İstanbul'un en önde gelen sesi diye değerlendirilen Münir Nureddin'in bir İstanbul şairi olan Yahya Kemal'den büyük bir ustalıkla doğaçladığı "Aheste çek kürekleri" gazeli İstanbul halkının hafızasına öylesine yerleşti ki, gazel, besteli bir tür olmamasına rağmen adeta bir beste muamelesi gördü ve bir şarkı gibi dillerde dolaştı.
Münir Nurettin Selçuk - Aheste çek kürekleri dinlemek için tıklayın.
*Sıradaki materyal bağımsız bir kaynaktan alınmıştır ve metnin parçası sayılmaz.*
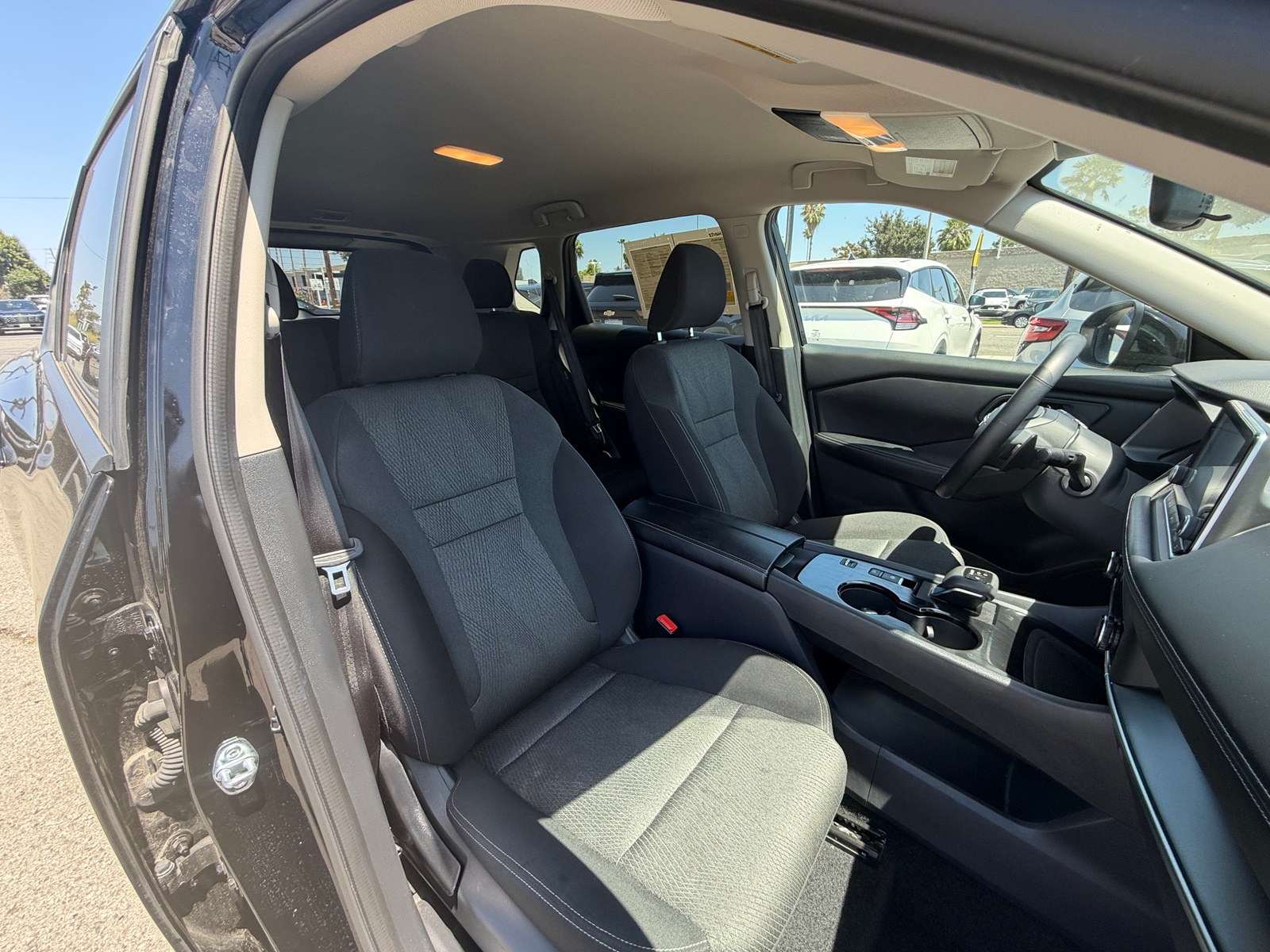 Thumbnail: 2025 Nissan Rogue - 2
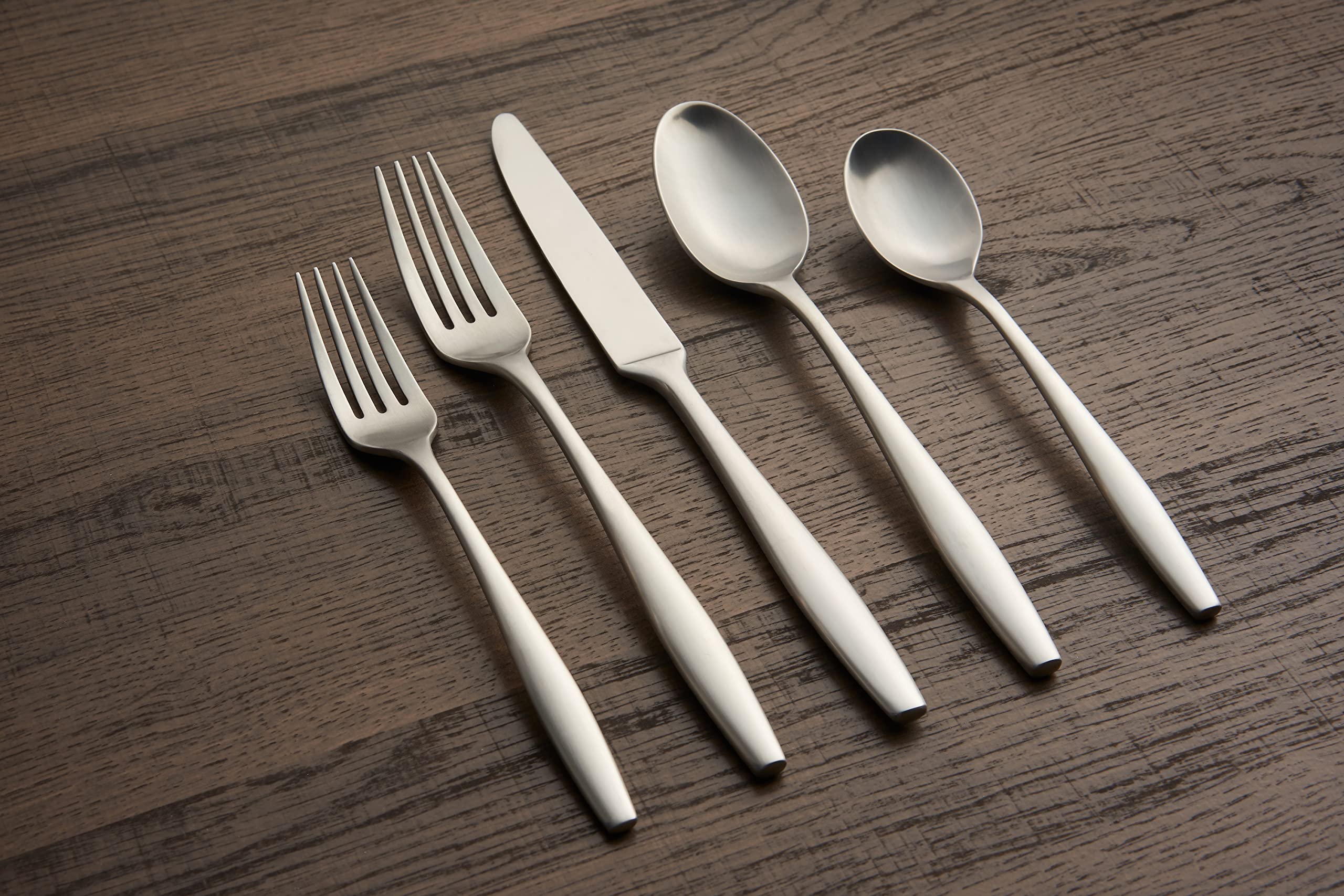 Cambridge Silversmiths Katerina Satin 20-Piece Flatware Set, Service For 4,Silver
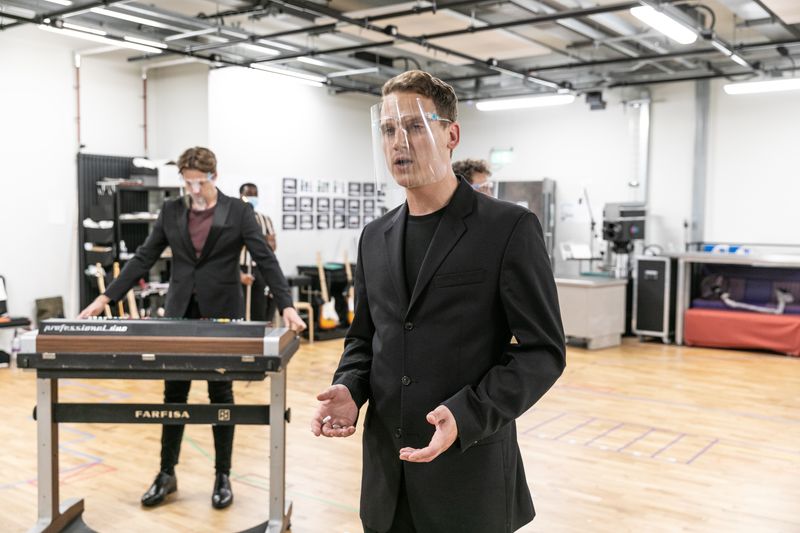 Photos: JERSEY BOYS Rehearses for the West End — photo 4 of 24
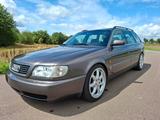 Audi A6 2.6 Avant quattro - Audi A6 aus 1996: Kombi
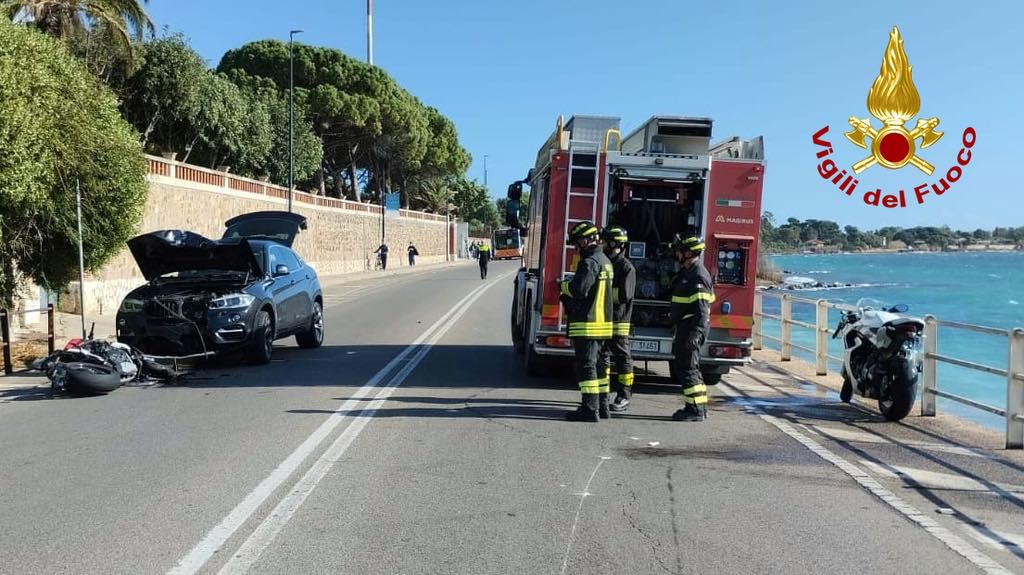 Margine Rosso, schianto tra due moto e un’auto: un uomo e una ragazza feriti nella carambola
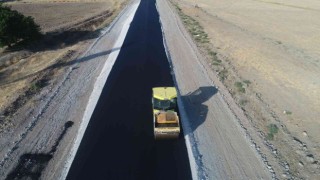 Erzincanda sonbaharın gelmesiyle sezonun son asfalt serim çalışmaları devam ediyor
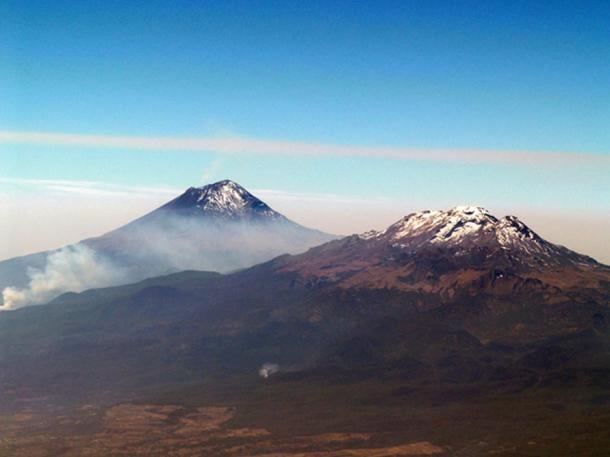 Iztaccíhuatl and Popocatépetl.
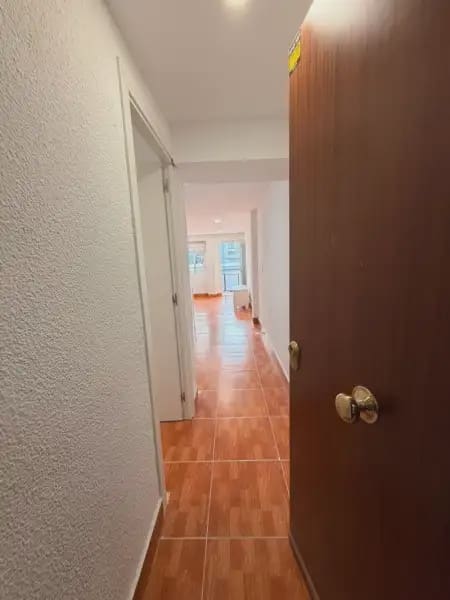 3 bedroom Flat for rent in Castello de la Plana - € 1,000 (Ref: 10019998)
AĞIR VE YÜRÜK SEMAİ HAYRANI
Türk musikisini ayağa kaldıran kişi olarak tanımlanan ve en çok rast makamını seven Münir Nurettin, Dellâlzâde İsmâil Efendi'nin yegâh besteleriyle ağır ve yürük semailerine hayrandı. Bilhassa klasik eserlerdeki tavrı sehl-i mümteni olup beste, semâi, şarkı formlarındaki eserleri gerektiği gibi farklı tavırlarda okur ve sesini eşlik edene olduğu kadar dinleyene de huzur verecek biçimde ölçülü kullanırdı. Okuyuşunda Bestenigâr Ziyâ Bey'le Hâfız Şaşı Osman Efendi'nin üslûbundan etkilenmiş olabileceğini söylemiştir. Pest ve tiz seslere aynı derecede hâkimiyetiyle tanınmış, üç oktava yaklaşan sesini uzun sanat hayatı boyunca büyük bir titizlik ve ustalıkla koruyarak son yıllarına kadar icracılığını başarı ile devam ettirmiştir.